Sehen Sie, in Boston ist ein Mann … oder war … oder wird sein – eine Zeitreise schüttelt die alten grammatikalischen Zeiten ganz schön durcheinander –, der eine Art Politiker ist. Der Typ, der nachdrücklich hinter den Kulissen wirkt und schafft. Dieser Mann – ich will ihn der Einfachheit halber Mr. O’Bannion nennen – ist sehr reich, Brian, und er ist überzeugter Förderer der Irisch Republikanischen Armee. Er hat Millionen Dollar in eine Organisation gepumpt, die viele gerne als Bostons liebste Wohlfahrtseinrichtung bezeichnen, und er hat eine Menge Blut an den Händen kleben. Nicht nur britische Soldaten, sondern auch Kinder auf Schulhöfen, Frauen in Wäschereien und Babys, die zerfetzt aus ihren Kinderwagen gepustet wurden. Er ist ein Idealist der gefährlichsten Sorte: einer, der das Gemetzel nie aus erster Hand sehen musste, der nie ein abgerissenes Bein im Rinnstein liegen sah und gezwungen war, sein Tun im Licht dieser Erfahrung neu einzustufen.«
»Sie sollten diesen O’Bannion ermorden.«
»Nur, wenn es sich nicht vermeiden ließ«, sagte Nick ruhig. »Er ist sehr wohlhabend, aber er ist nicht das einzige Problem. Sehen Sie, er ist der totale Politiker und hat mehr Finger als denjenigen, mit dem er in Irland den Topf umrührt. Er hat eine Menge einflussreicher amerikanischer Freunde, und manche seiner Freunde sind unsere Freunde … so ist das nun mal in der Politik; eine Katzenwiege, welche von Männern erschaffen wurde, die größtenteils in die Gummizelle gehören. Mr.
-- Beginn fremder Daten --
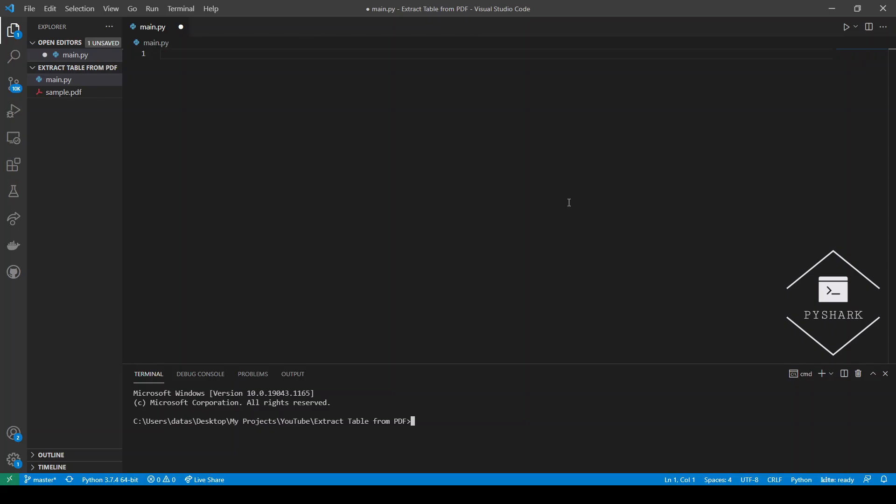However, we all face the difficulty of easily extracting those tables to Excel or to data frames. Thanks to Python and some of its amazing libraries, you can now extract these tables with a few lines of code. To continue following this tutorial we will need the Python library tabula-py. If you don't have it installed, please open command prompt if you're using Windows or terminal on Mac and install it using the following code.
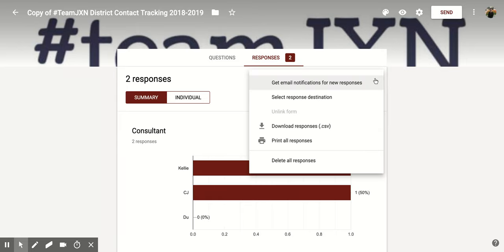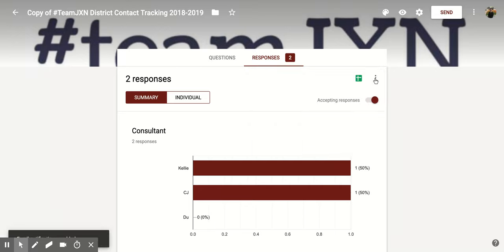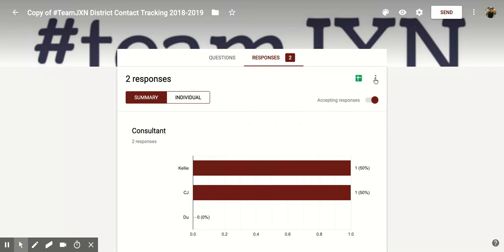That's going to give you some options, and you'll notice the first option is 'Get email notifications for new responses.' You're going to click on that and it's going to automatically set it up.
O’Bannion zu ermorden, wäre ein großes politisches Risiko. Aber er hält sich nebenbei noch eine Muschi. Und die sollte ich ermorden.«
»Als Warnung«, sagte Brian mit leiser, faszinierter Stimme.
»Ja. Als Warnung.« Fast eine ganze Minute verstrich, während die beiden Männer im Cockpit saßen und einander ansahen. Nur das schläfrige Dröhnen der Jets war zu hören. Brians Augen waren schockiert irgendwie sehr jung. Nick sah nur erschöpft drein.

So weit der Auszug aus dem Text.